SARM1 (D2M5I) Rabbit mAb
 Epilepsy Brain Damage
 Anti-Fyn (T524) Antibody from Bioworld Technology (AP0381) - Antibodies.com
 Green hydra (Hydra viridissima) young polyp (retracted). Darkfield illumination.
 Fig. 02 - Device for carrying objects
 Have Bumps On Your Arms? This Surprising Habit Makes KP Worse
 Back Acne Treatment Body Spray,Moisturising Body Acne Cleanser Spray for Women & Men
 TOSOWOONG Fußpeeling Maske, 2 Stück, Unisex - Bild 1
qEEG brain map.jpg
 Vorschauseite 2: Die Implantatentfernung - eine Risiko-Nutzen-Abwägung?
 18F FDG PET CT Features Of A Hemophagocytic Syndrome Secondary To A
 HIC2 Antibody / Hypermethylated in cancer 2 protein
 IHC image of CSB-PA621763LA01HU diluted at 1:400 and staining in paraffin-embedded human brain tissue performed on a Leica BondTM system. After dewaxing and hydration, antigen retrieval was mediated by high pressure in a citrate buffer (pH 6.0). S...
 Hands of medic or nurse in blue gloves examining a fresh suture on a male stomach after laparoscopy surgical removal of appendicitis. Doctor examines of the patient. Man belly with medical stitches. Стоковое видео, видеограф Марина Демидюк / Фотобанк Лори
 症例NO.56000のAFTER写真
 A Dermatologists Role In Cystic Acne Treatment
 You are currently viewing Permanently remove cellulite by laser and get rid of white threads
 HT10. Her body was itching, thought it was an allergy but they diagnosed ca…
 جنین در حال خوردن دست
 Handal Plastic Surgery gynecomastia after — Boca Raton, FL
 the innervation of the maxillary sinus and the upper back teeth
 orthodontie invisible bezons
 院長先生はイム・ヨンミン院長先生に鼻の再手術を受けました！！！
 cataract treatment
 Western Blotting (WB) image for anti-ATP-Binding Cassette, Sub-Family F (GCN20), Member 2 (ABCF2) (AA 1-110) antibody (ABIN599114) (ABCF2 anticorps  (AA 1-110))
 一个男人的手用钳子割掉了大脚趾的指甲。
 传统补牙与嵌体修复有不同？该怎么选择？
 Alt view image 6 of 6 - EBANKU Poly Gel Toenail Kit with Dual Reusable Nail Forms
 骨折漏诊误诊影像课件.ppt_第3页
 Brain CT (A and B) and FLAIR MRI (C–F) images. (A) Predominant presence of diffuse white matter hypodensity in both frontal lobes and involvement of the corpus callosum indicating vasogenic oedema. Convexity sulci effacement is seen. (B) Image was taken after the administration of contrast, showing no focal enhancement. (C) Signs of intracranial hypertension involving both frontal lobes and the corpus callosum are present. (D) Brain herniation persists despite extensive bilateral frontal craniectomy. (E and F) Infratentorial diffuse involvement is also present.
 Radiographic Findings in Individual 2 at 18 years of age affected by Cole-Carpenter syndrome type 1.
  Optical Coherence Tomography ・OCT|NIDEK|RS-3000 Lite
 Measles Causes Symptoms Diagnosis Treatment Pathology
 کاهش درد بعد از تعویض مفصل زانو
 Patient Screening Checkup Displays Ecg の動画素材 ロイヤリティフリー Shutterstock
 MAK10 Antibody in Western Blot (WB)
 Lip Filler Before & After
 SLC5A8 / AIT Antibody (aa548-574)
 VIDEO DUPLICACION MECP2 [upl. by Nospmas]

INSTRUCTIONS TO FOLLOW » Please return exactly the lines from the one containing "Brain CT (A" through the end of the entries above, adding no other line.

FINISHED EXERCISE »
 Brain CT (A and B) and FLAIR MRI (C–F) images. (A) Predominant presence of diffuse white matter hypodensity in both frontal lobes and involvement of the corpus callosum indicating vasogenic oedema. Convexity sulci effacement is seen. (B) Image was taken after the administration of contrast, showing no focal enhancement. (C) Signs of intracranial hypertension involving both frontal lobes and the corpus callosum are present. (D) Brain herniation persists despite extensive bilateral frontal craniectomy. (E and F) Infratentorial diffuse involvement is also present.
 Radiographic Findings in Individual 2 at 18 years of age affected by Cole-Carpenter syndrome type 1.
  Optical Coherence Tomography ・OCT|NIDEK|RS-3000 Lite
 Measles Causes Symptoms Diagnosis Treatment Pathology
 کاهش درد بعد از تعویض مفصل زانو
 Patient Screening Checkup Displays Ecg の動画素材 ロイヤリティフリー Shutterstock
 MAK10 Antibody in Western Blot (WB)
 Lip Filler Before & After
 SLC5A8 / AIT Antibody (aa548-574)
 VIDEO DUPLICACION MECP2 [upl. by Nospmas]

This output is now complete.